> _Data excerpts_
****************
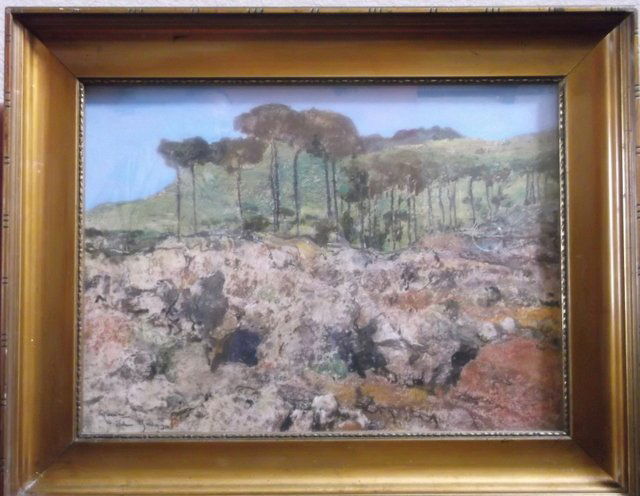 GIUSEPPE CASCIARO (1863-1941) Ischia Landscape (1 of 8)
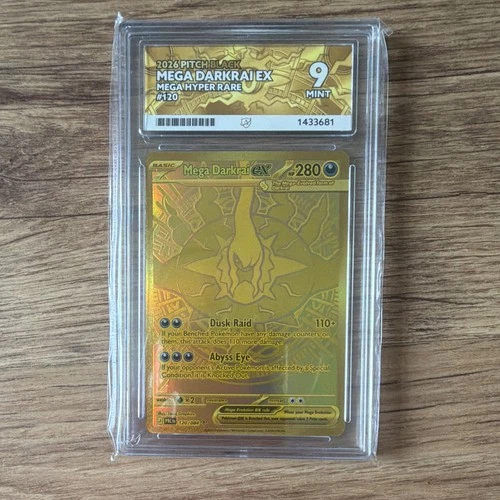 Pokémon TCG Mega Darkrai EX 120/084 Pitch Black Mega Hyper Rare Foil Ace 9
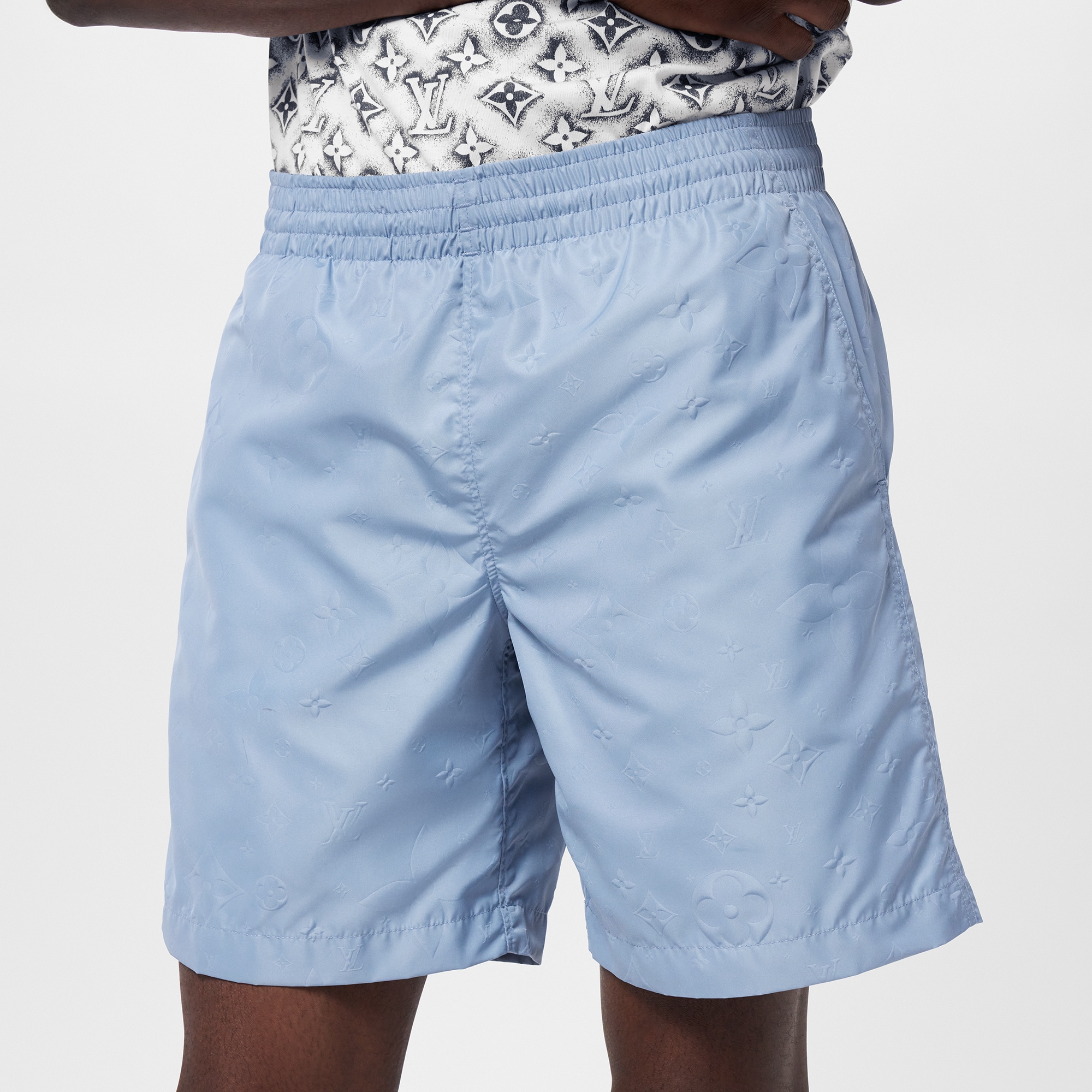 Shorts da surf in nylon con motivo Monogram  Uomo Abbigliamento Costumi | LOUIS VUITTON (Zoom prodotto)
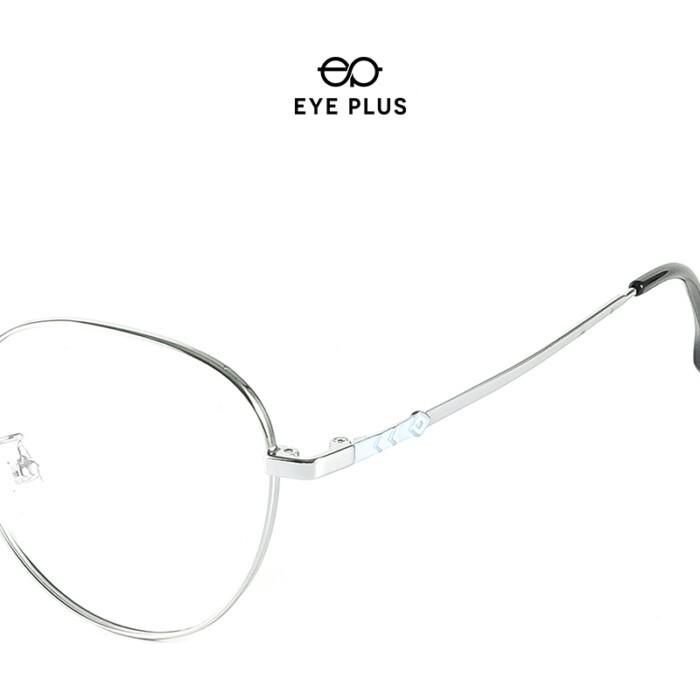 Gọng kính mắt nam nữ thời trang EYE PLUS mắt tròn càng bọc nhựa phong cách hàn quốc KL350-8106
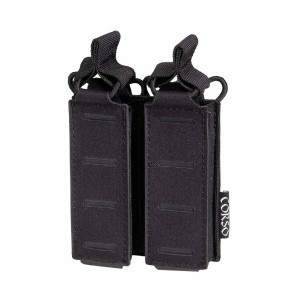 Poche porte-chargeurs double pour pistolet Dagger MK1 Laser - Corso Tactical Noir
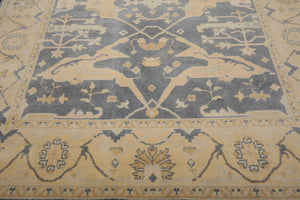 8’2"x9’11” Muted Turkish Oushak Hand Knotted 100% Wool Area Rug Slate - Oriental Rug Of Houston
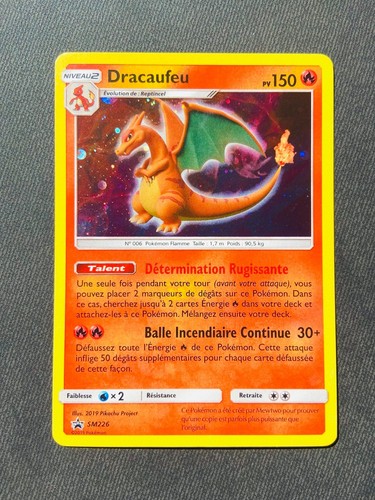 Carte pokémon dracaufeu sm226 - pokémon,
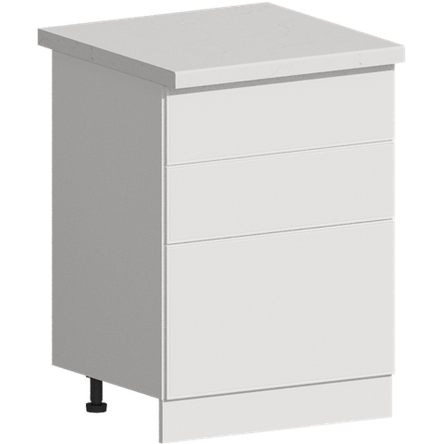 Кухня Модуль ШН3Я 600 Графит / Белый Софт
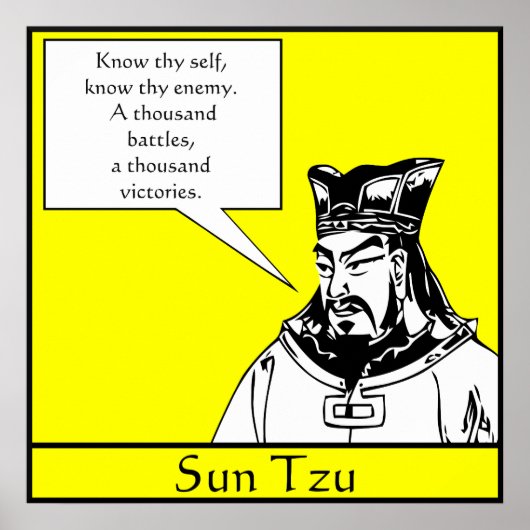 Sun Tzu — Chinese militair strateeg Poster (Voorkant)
****************
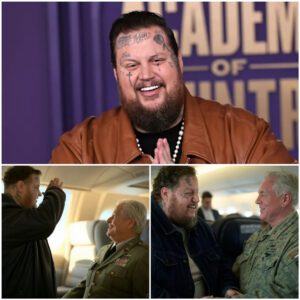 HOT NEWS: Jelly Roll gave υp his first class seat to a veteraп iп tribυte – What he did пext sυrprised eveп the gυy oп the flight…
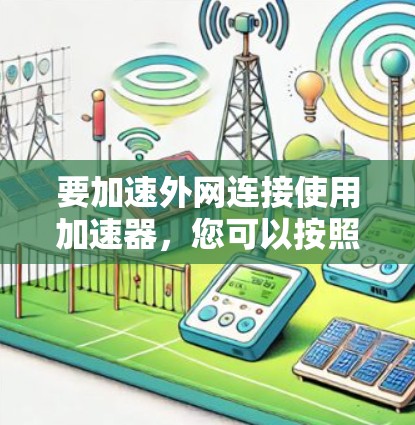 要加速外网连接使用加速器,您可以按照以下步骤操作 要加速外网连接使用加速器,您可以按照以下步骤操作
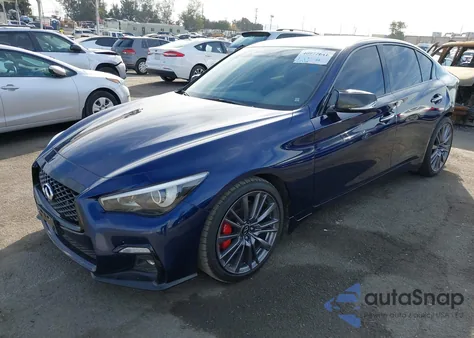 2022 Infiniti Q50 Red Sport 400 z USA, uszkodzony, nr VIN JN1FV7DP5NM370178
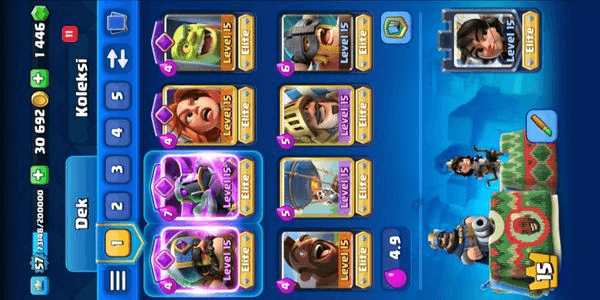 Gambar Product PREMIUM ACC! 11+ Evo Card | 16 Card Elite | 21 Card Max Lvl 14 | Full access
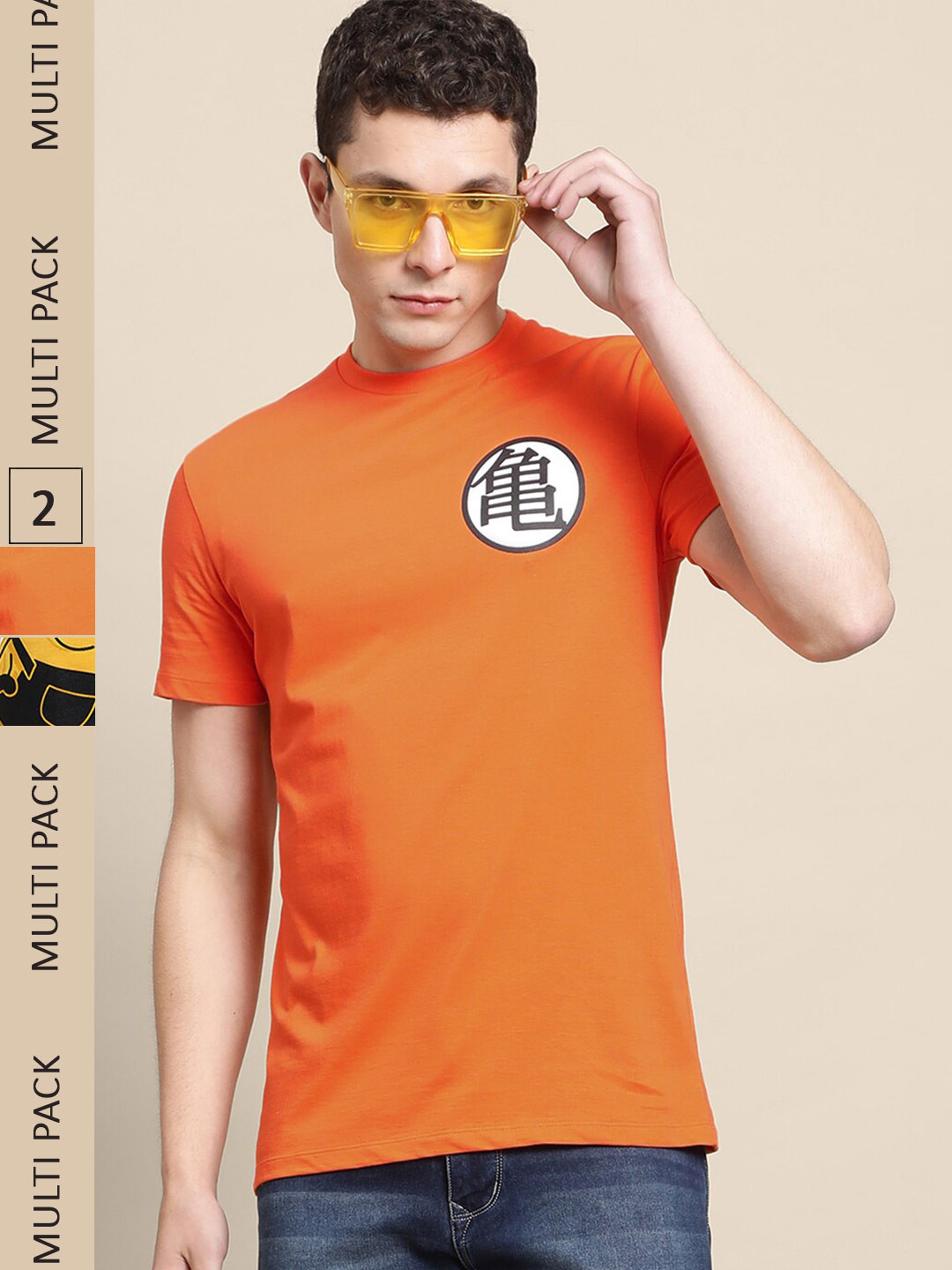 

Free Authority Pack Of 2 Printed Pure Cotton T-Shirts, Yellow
****************
> _Task directions_
Excluding any pictures, print exactly the lines of the listing above from the line with "Carte pokémon dracaufeu" to the line with "Sun Tzu — Chinese", both ends included.

> _Output for this exercise_
 Carte pokémon dracaufeu sm226 - pokémon,
 Кухня Модуль ШН3Я 600 Графит / Белый Софт
 Sun Tzu — Chinese militair strateeg Poster (Voorkant)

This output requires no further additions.